As a dog hauler and garden store companion, The Chief has seen more than it’s share of slobber and sweat and ground-in dirt. But it was designed for that, so cleanup is simple and easy; no fitted rugs to worry about shampooing, just easy to wash, rugged plastic lining. In the Winter, we don’t even pay attention to the roads. We just go. The Chief has rescued stranded motorcycles, pulled trailers of various shapes and sizes, towed several vehicles out of nasty spots, blasted 24” snow drifts, crawled over gravel piles, and lugged tons of rock and bags of sand and even a rare painting or two, and yet still manages to be useful on runs to the dry cleaners. And while we’ve never made the trek out to Moab, we know we damn well could if we wanted. And that’s a comfortable feeling; the Zombie Apocalypse could be just around the corner.

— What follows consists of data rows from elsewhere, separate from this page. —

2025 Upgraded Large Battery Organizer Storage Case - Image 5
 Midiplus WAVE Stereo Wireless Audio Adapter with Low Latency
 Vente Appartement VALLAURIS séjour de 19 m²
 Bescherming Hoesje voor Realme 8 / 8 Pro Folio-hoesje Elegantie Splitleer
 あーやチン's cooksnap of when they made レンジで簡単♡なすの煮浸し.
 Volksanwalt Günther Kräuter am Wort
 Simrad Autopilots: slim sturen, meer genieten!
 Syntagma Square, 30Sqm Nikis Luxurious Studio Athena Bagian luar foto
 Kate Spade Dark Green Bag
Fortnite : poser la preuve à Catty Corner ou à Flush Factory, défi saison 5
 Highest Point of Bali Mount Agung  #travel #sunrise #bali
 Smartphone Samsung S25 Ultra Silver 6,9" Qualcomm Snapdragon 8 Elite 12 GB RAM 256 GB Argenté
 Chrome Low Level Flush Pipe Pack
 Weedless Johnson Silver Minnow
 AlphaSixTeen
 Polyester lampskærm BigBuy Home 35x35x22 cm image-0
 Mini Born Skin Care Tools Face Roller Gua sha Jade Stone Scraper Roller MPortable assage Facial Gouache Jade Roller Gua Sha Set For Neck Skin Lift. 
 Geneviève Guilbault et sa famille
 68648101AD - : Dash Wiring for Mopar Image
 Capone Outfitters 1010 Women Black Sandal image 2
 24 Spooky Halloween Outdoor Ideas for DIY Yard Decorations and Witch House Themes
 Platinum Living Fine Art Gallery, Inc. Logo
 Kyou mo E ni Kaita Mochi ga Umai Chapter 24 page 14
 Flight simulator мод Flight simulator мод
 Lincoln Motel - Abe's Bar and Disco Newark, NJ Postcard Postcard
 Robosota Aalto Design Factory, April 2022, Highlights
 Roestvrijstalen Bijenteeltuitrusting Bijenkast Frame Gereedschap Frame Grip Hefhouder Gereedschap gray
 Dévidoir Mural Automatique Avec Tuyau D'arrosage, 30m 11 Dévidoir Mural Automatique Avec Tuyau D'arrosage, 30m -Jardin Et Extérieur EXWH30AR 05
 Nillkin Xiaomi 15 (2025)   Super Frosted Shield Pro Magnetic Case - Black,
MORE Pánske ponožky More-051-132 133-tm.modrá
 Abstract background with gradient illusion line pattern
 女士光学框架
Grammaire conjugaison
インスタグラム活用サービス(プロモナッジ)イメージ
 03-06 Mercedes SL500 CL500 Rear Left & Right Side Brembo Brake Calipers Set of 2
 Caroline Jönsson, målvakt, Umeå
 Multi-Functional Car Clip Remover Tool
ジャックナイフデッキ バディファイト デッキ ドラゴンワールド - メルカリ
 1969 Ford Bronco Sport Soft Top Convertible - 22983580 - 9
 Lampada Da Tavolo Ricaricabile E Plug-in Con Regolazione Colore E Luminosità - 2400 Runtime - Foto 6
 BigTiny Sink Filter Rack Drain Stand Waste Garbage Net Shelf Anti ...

The ergonomics of an FJ Cruiser can leave a bit to be desired, but complaining about them seems petty, as it’s clear what you’re getting when you sign on the line. The blind spots behind the C-pillars wouldn’t be out of place in a sensory deprivation chamber, so an owner quickly acquaints himself with the fine art of driving with the rear-view mirrors. (The addition of a tiny backup camera on our year’s model alleviated the drama somewhat.) And the two suicide half-doors look cool and function pretty well and provide wonderful access to the rear seats, but in tight spots it’s clear why rear hinges never really became mainstream. Also, we’ve noticed the vehicle has a propensity to smell like wet dogs. (Okay, maybe that’s just ours.)
And now the oddest thing: Cost of ownership. Vehicle depreciation curves tend to be as predictable as the tides and as steep as the lip of a canyon; as the saying goes, “That first step is a killer.” Buying a new car generally introduces the buyer to a financial open elevator shaft of retained value (I’m talking to you, owners of Ford Fiestas and Fiat 500s). But over the life of the vehicle, no single automobile in America has retained more value than the FJ Cruiser. Let me repeat that: The FJ Cruiser has the best resale of any vehicle sold in America. (I’m not including limited production unobtainium hypercars like the Porsche 918 or McLaren P1, wisenheimers, so just don’t.) JD Powers backs this up, as does NADA (the National Automobile Dealers Association). Fun fact: A recent NADA report shows the average three-year-old FJ Cruiser is worth 98% of its original sale price. 98%! Back in 2011 when we bought The Chief, we paid roughly $35,000. To my utter amazement, there are significantly higher-mile versions of the same year and model trading on Cars.com at this very moment for north of that amount. To quote a wise man: “Well I’ll be damned…” Evidently not all depreciation curves are created equal.
Thus The Chief even turned out to be a great buy. But really, that’s just a happy bonue in our household. The Chief makes Dreamy Wife and I happy, period, full stop. We always chuckle a bit when we see it’s bright red top poking above the inevitably shorter vehicles in whatever parking lot it's parked, and while it’s too tall to fit in my office parking garage, that’s no matter. Ruscha and Rocco, our two German Shorthaired Pointers, love to ride around in it and consider it theirs. It provides a feeling of solidity and invincibility in an increasingly fragile and disturbed world. And it makes us smile goofy smiles. And that, gentle readers, is an unquantifiable investment return if there ever was one.